Every January, we provide the latest inflation-adjustment multipliers so that print business owners can get a real sense of how they are performing year-over year. It’s easy to think that a dollar is a dollar is a dollar, but what a dollar bought in 1950 is a lot different than what a dollar will buy in 2019. Money was a lot of money in the past!
This chart is based on the Consumer Price Index (CPI), calculated for the December comparison to the prior year. The CPI is the dollars in your pocket that you and your fellow employees spend in the marketplace. Unfortunately, commercial printing prices have not kept up with inflation, but the costs of running a printing business usually have. This means that it’s harder to keep earnings and payrolls up to this level. If past dollars had greater value, this chart can be used to adjust past financial statements to bring those data to current value. This is especially important in budgeting processes where looking for trends in prior years is one way of assessing performance and goals.

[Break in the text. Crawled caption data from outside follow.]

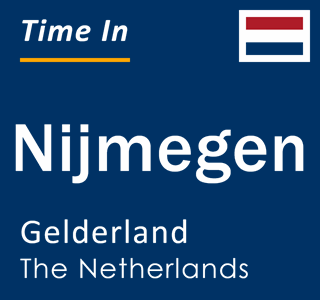 Current local time in Nijmegen, Gelderland, The Netherlands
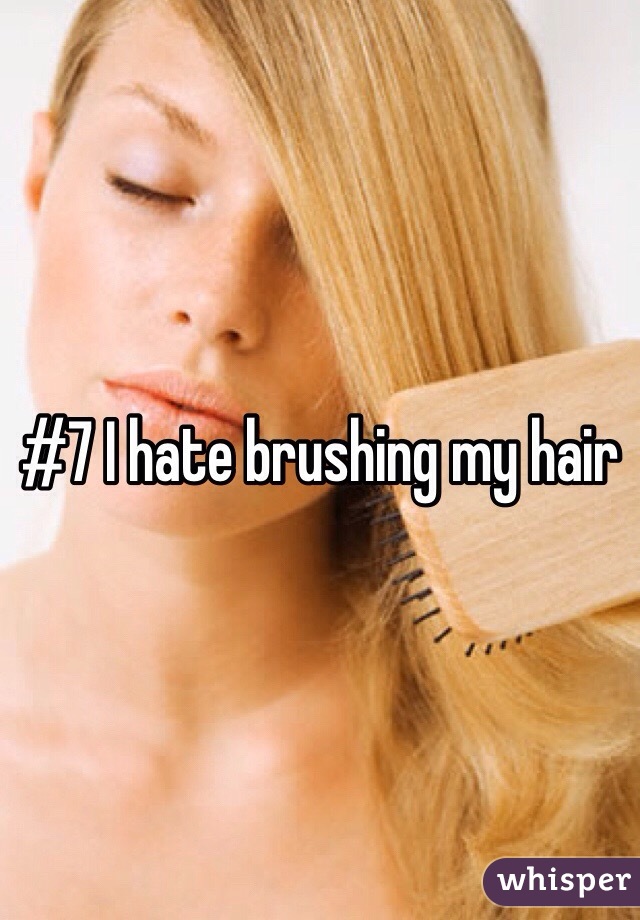#7 I hate brushing my hair 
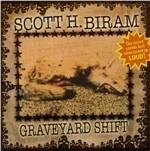 Graveyard Shift - CD Audio di Scott H. Biram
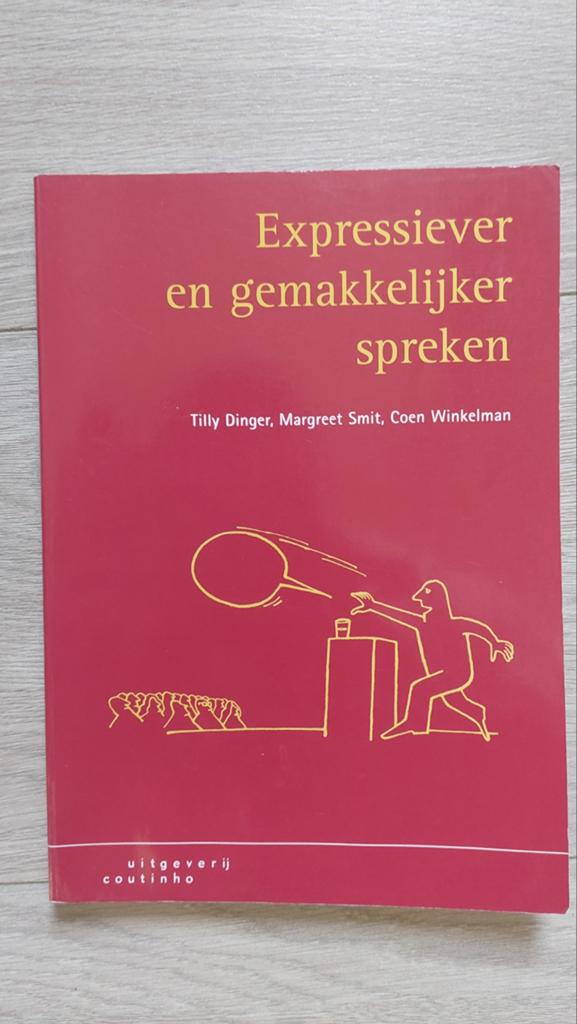Expressiever en gemakkelijker spreken - Tilly Dinger, Ophalen of Verzenden, Zo goed als nieuw, Tilly Dinger, Margreet Smit, Coen Winkelman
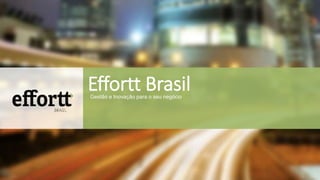 Effortt Brasil 
Gestão e Inovação para o seu negócio 
 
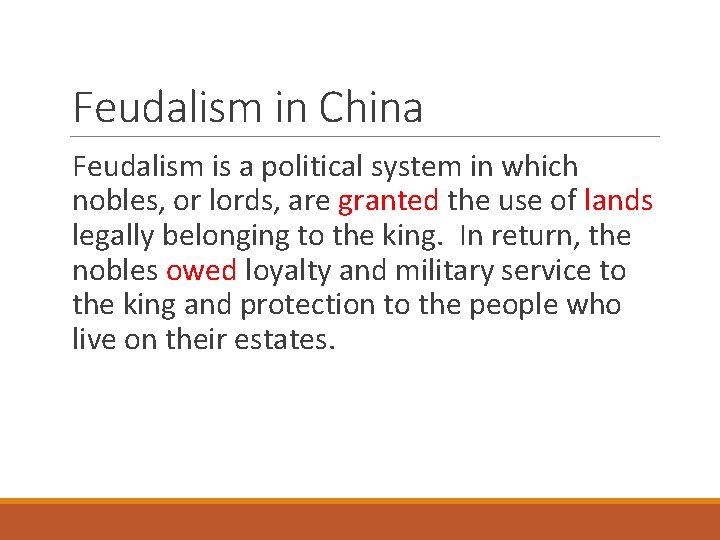 Feudalism in China Feudalism is a political system in which nobles, or lords, are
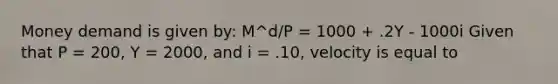 Money demand is given​ by: M^d/P = 1000 + .2Y - 1000i Given that P​ = 200, Y​ = 2000, and i​ = .10, velocity is equal to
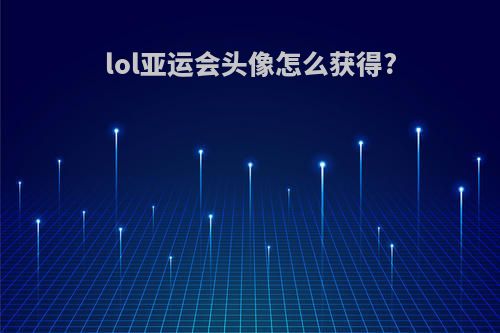 lol亚运会头像怎么获得?
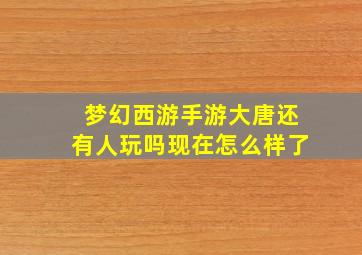 梦幻西游手游大唐还有人玩吗现在怎么样了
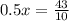 0.5x= \frac{43}{10}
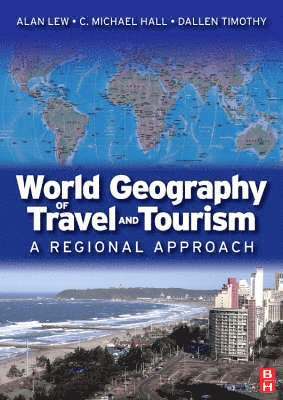 Alan A. Lew, C. Michael Hall, Dallen J. Timothy - World Geography of Travel and Tourism, Häftad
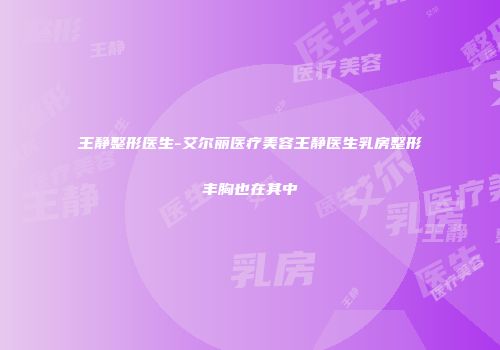 王静整形医生-艾尔丽医疗美容王静医生乳房整形丰胸也在其中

Special Note on the Government Shutdown: Some government data series that WhatTheyThink tracks are not being updated or their release is being delayed. Specifically, monthly printing shipments and quarterly profits and revenues data are not being updated. We will have the latest data once publication resumes...whenever that may be. In other data housekeeping, the annual County Business Patterns, which is usually updated in April, has been delayed until Fall 2019 as the Census Bureau works on the 2017 Economic Census (the EC is conducted every five years so is a big deal). This delay was announced before the shutdown, so we would expect a further delay in the 2019 CBP.